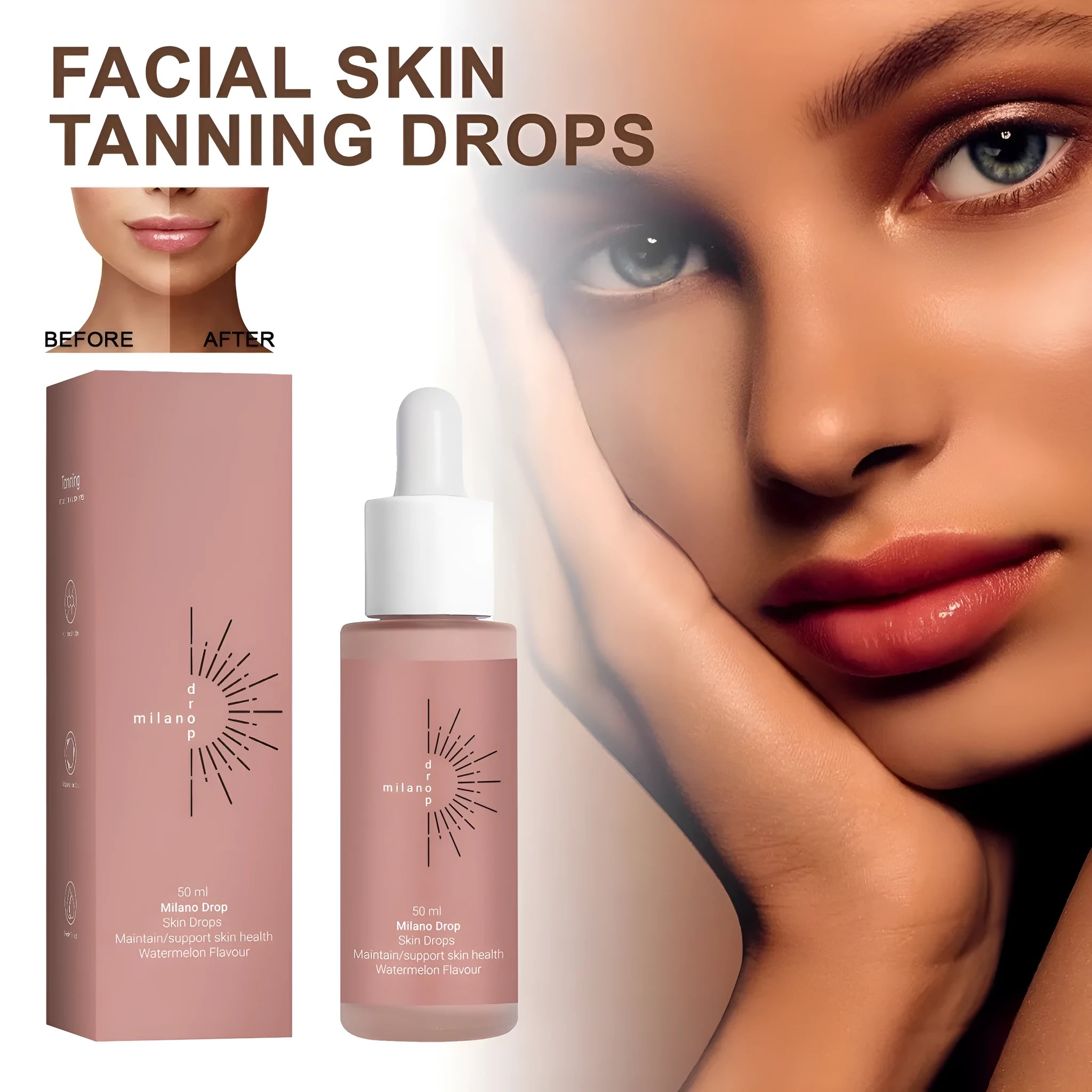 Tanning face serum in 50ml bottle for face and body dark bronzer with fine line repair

------------------------------------------------------------------------

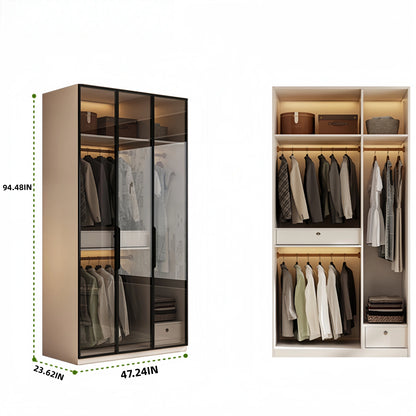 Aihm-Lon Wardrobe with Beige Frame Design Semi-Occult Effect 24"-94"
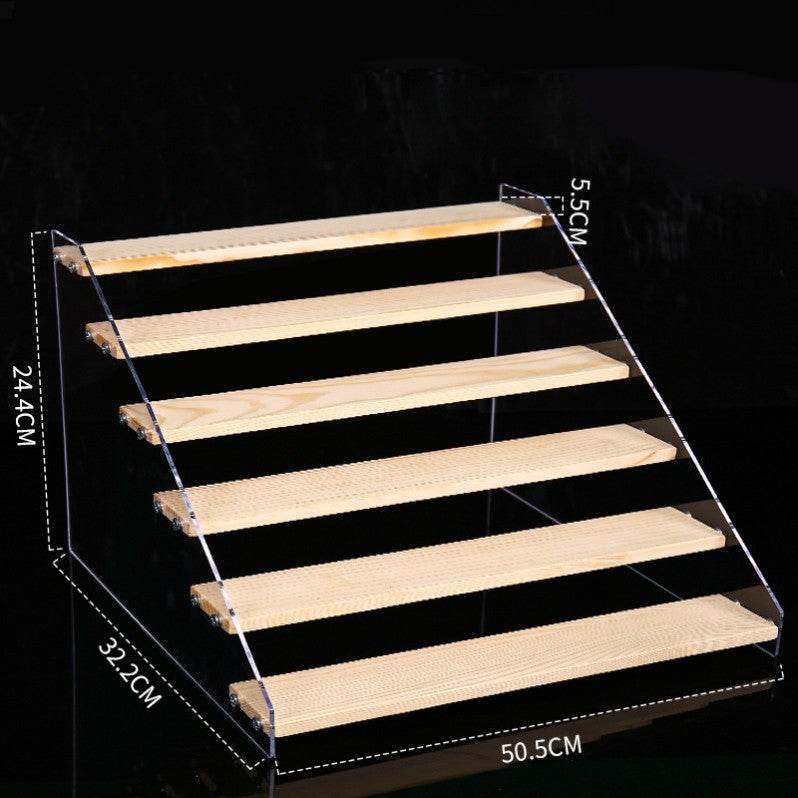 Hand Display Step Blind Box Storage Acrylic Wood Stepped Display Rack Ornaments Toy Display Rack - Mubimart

------------------------------------------------------------------------

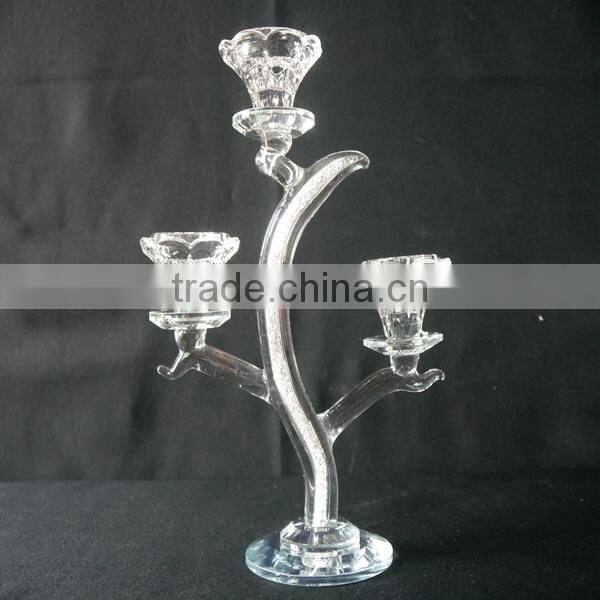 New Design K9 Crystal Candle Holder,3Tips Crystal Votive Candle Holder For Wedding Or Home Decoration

------------------------------------------------------------------------

■ PROMPT
In the entries above, find the line containing "Aihm-Lon Wardrobe with" and the line containing "Hand Display Step"; give again exactly those two lines and every line between them, minus the pictures.

■ RESPONSE TO THIS EXERCISE
 Aihm-Lon Wardrobe with Beige Frame Design Semi-Occult Effect 24"-94"
 Hand Display Step Blind Box Storage Acrylic Wood Stepped Display Rack Ornaments Toy Display Rack - Mubimart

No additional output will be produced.